2.1. Data Acquisition

This section presents the procedure for collecting data obtained during actual driving, which is necessary for extracting the reference signals of the hydraulic pistons required for establishing the test system to be developed in a laboratory environment for industrial applications. The test system is aimed to be designed for motorcycle fatigue and endurance testing. During the data collection, the acceleration data over the motorcycle were collected at different road types, such as asphalt, paving stones, and cobblestones, and at different motorcycle velocities. For this data collection procedure, a Honda Monkey model motorcycle was used at the Yıldız Technical University in Turkey for the data acquisition. The test area can be seen in Figure 2

In the test area,

• Red marked road: Asphalt Road
• Blue marked road: Paving Stones
• Yellow marked road: Cobblestones

During the driving, the aim is to create frequency and amplitude variety in the data obtained by collecting measurement data from three different road types. During the measurements, the motorcycle speed was selected in accordance with the traffic rules for the road used. There are also numerous speed bumps on the selected route. Thus, road-induced impact effects on the motorcycle will also be included in the tests.

2.2. Curve Fitting

The accurate representation of road-induced excitations is essential for reproducing realistic dynamic responses, especially for the analysis of the fatigue effect on the vehicles in the laboratory environment. The acceleration signals collected from the motorcycle were used to reconstruct the equivalent displacement trajectories due as the direct measurement of the road displacement profile is often impractical in on-road experiments. This reconstruction serves as the base for developing the reference signal of the hydraulic pistons in the test rig. Thus, the experimentally acquired acceleration signals were transformed into displacement signals of the pistons that excite the motorcycle in the industrial application. For this transformation, a Fourier-based curve-fitting approach that was shown in Eq. (1) was employed, assuming that the acceleration response induced by road irregularities can be expressed as a superposition of harmonic components. This assumption is widely accepted in road surface modeling and enables an efficient frequency-domain characterization of the measured data.

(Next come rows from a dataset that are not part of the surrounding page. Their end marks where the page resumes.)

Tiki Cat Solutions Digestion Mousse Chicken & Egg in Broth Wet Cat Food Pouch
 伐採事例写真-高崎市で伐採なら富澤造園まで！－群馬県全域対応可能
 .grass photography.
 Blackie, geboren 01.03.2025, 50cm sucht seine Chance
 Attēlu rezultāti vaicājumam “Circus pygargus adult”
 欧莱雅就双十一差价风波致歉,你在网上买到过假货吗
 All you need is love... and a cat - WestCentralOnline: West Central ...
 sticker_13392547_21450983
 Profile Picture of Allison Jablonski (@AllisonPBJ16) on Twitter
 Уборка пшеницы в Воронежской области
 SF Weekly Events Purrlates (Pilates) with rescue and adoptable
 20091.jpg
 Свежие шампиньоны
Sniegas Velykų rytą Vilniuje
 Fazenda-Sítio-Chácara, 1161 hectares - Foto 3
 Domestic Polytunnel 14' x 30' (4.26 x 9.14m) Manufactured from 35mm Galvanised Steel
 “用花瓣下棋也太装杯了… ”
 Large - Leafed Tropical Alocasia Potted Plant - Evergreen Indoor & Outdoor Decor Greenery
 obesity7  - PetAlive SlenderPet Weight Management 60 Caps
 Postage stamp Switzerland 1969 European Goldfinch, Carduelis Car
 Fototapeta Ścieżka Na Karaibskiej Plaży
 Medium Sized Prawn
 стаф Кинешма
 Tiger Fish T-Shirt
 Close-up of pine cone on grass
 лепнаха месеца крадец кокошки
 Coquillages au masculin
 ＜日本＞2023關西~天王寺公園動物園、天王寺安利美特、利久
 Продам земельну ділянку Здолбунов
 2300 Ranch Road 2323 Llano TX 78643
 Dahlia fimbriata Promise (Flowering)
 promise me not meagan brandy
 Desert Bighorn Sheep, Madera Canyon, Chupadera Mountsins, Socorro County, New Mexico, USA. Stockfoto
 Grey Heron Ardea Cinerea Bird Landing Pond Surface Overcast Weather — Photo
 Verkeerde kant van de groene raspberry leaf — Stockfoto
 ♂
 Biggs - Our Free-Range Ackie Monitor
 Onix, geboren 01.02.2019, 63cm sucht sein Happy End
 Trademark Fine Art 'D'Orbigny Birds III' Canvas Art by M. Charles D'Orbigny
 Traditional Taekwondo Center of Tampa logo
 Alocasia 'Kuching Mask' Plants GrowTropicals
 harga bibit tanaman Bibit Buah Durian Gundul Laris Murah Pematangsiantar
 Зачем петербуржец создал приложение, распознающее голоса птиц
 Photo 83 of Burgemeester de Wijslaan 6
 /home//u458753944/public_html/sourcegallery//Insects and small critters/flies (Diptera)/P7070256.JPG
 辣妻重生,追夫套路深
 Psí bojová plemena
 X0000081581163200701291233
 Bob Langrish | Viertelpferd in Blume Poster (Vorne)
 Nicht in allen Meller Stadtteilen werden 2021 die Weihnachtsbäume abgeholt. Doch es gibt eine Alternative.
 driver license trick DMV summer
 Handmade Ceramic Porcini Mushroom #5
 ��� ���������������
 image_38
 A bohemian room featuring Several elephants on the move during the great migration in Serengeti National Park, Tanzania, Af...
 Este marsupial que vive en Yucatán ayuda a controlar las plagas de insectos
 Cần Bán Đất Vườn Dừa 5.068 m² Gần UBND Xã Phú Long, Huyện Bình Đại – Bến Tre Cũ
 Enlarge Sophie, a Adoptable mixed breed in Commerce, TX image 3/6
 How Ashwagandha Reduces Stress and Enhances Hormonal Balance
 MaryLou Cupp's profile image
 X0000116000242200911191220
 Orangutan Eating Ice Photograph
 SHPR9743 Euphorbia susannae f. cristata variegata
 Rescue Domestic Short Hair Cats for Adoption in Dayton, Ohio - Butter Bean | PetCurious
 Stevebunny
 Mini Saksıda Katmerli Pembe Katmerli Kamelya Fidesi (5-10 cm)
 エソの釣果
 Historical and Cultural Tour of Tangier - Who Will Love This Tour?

In the curve fitting analysis, three different road acceleration signals(asphalt, paving, and cobblestones) were investigated. The acceleration signals were then reconstructed using 144 harmonic components distributed across 72 distinct frequency values. Each harmonic signal was characterized by its amplitude and frequency, providing a detailed frequency-domain representation of the road-induced excitation. Consequently, the fitted profiles closely replicated the experimentally measured acceleration data, as presented in Table 1. The coefficient of determination ($R^2$) approached unity, indicating an ideal fit, while both the root mean square error (RMSE) and mean absolute error (MAE) values were found to be low. The mathematical representation of the performance indices was shown between Eq. (2) and (4). An illustration between the measured and reconstructed signals, shown in Figure 3, confirms the strong correlation and demonstrates that the fitted curve accurately captures both the periodic and transient characteristics of the measured acceleration data. The amplitude spectrum of the harmonic components is illustrated in Figure 4. The high agreement between the experimental and fitted responses validates the effectiveness of the Fourier-based harmonic decomposition approach for generating representative road excitation profiles. This process forms the foundation for the dynamic analysis and control algorithm testing performed in the subsequent sections under realistic excitation conditions.

$$a\left(t\right)\approx \sum _{i=1}^n\left(A_{i}sin\left(2\pi f_{i}t\right)+B_{i}sin\left(2\pi f_{i}t\right)\right)$$

(1)

$$\mathrm{RMSE}=\sqrt{{\displaystyle \frac{1}{N}}{\sum }_{i=1}^N{(a_i-{\widehat{a}}_i)}^2}$$

(2)

$$\mathrm{MAE}={\displaystyle \frac{1}{N}}\sum _{i=1}^N|a_i-{\widehat{a}}_i|$$

(3)

$$R^2=1-{\displaystyle \frac{S_{res}}{S_{tot}}}=1-{\displaystyle \frac{{\sum }_{i=1}^N{(a_i-{\widehat{a}}_i)}^2}{{\sum }_{i=1}^N{(a_i-\overline{a})}^2}}$$

(4)

In these equations, N denotes the total number of data points, while $a_i$ and ${\widehat{a}}_i$ represent the actual measured acceleration values and the predicted values, respectively. Additionally, $\overline{a}$ indicates the mean of the actual measurements, $S_{res}$ corresponds to the residual sum of squares, and $S_{tot}$ represents the total sum of squares. A and B are the coefficients of the harmonic signals, f is the frequency, and t represents time.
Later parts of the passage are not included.